For business leaders, agentic AI means specialized agents for threat detection, access management, compliance and user behavior analytics can now form ad hoc teams-automating complex workflows and adapt to new threats. By 2028, Gartner forecasts multiagent AI will account for 70% of threat detection and response implementations, primarily to augment—not replace—staff. Early adopters will see measurable results: Leveraging agent-to-agent collaboration is predicted to cut attacker dwell time in compromised environments by up to 50%, while accelerating response and reducing operational risk. When humans and AI work together, identity security becomes faster, smarter and more resilient.
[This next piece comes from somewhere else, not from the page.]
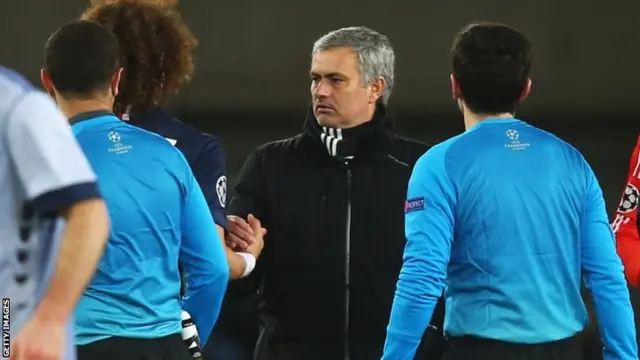 Jose Mourinho and David Luiz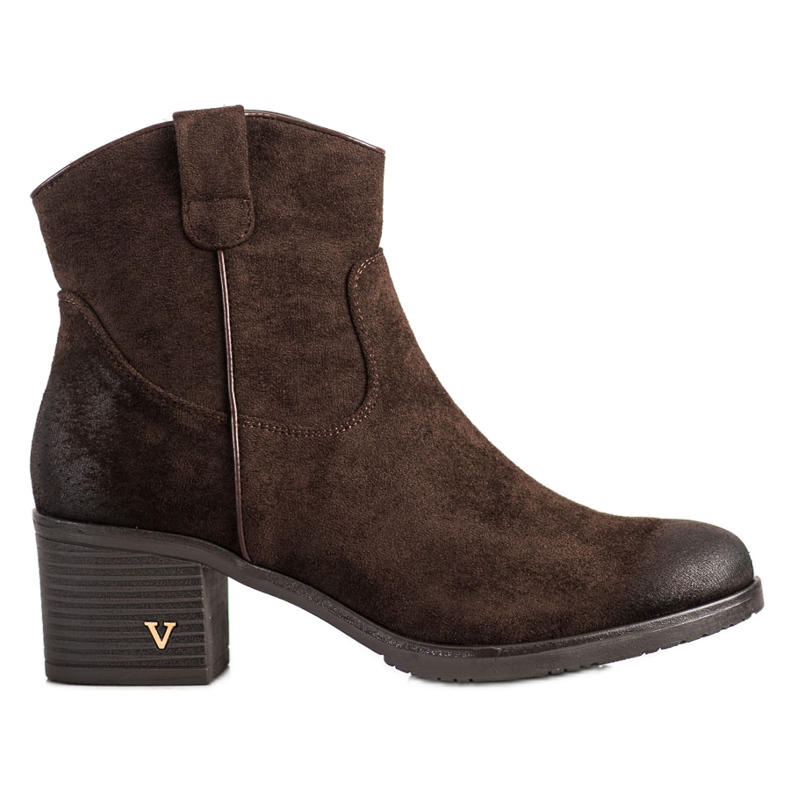Botas de camurça confortáveis ​​VINCEZA castanho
1. Establish an interoperability baseline. Audit ISPM and ITDR tools for data sharing and workflow integration across human and machine identities. Ensure architectures support agent-to-agent interoperability using open standards like MCP and A2A, so specialized agents can collaborate and automate cross-vendor workflows. Set quarterly targets to reduce IAM tool integration gaps.
2. Pilot tactical AI augmentation. Start with a focused, data-driven use case, such as automated privilege review or anomaly detection. Track improvement in response time and risk reduction.
3. Build AI literacy and human oversight. Train teams on both the benefits and limits of AI, including where human verification is required in critical workflows.
4. Continuously review identity hygiene. Use AI-driven discovery to identify unused or risky accounts, but require human validation before making changes. Aim to reduce privileged account sprawl and remediate orphaned accounts as they are detected.
5. Measure what matters. Track outcome-driven metrics such as percentage reduction in excessive permissions, improvement in MFA deployment rates and decreased incident response times. For example, reducing excessive permissions by 20% and increasing MFA coverage to 95% of privileged accounts within one year.
The next breach won't be stopped by just another dashboard or a new AI agent. Organizations that have achieved true interoperability across tools, teams and AI will be able to respond more accurately to security issues. Multiplayer AI and agent-to-agent collaboration will lead the blueprints for resilience in the age of AI turbulence.
Start by assessing your current environment for interoperability gaps, unify your tools and teams and empower your people with AI that amplifies—not replaces—their expertise. In the high-stakes game of identity security, victory belongs to those who play as a team.